Return only the lines below starting at the line containing "TigaTiga25-Bocchi_Suit icon" and ending at the line containing "La izquierda y el rojipardismo", both included, exactly as they are and with no pictures.

> **SOURCE INFORMATION**:
- - -
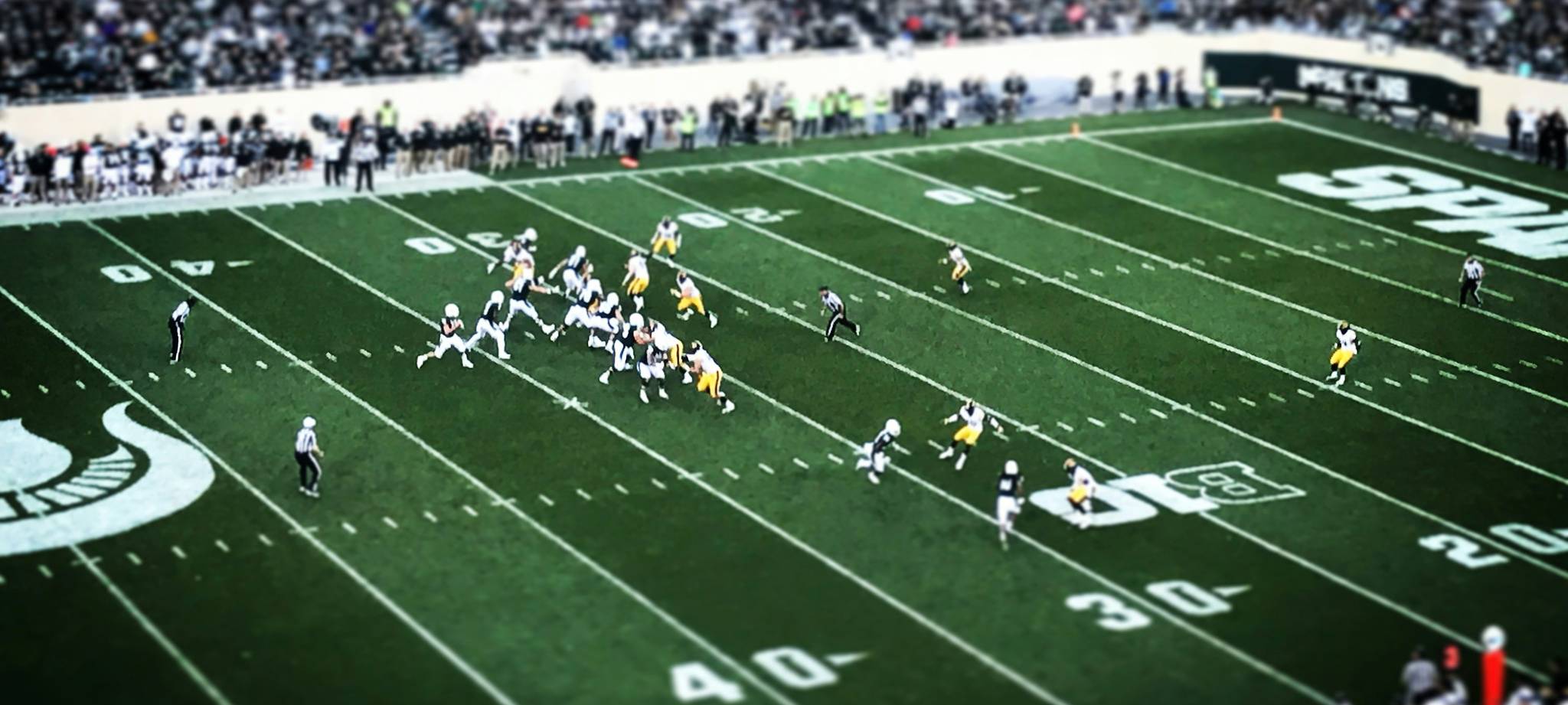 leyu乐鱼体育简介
- - -
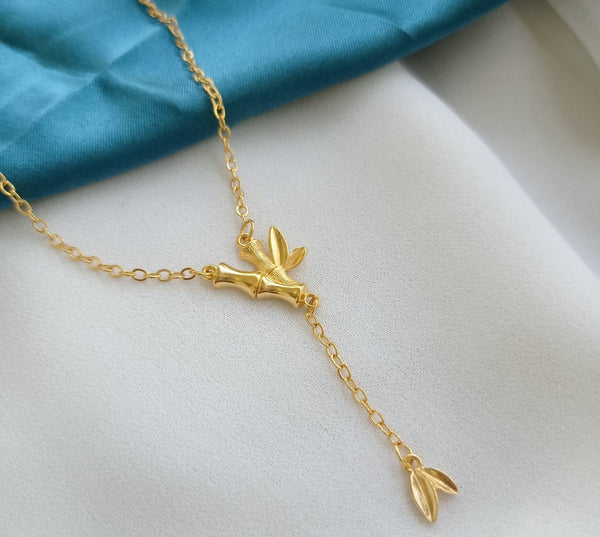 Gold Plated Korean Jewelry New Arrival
- - -
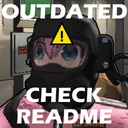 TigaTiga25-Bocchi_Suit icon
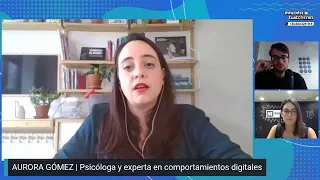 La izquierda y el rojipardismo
- - -
> **RESPONSE BOX**:
 TigaTiga25-Bocchi_Suit icon
 La izquierda y el rojipardismo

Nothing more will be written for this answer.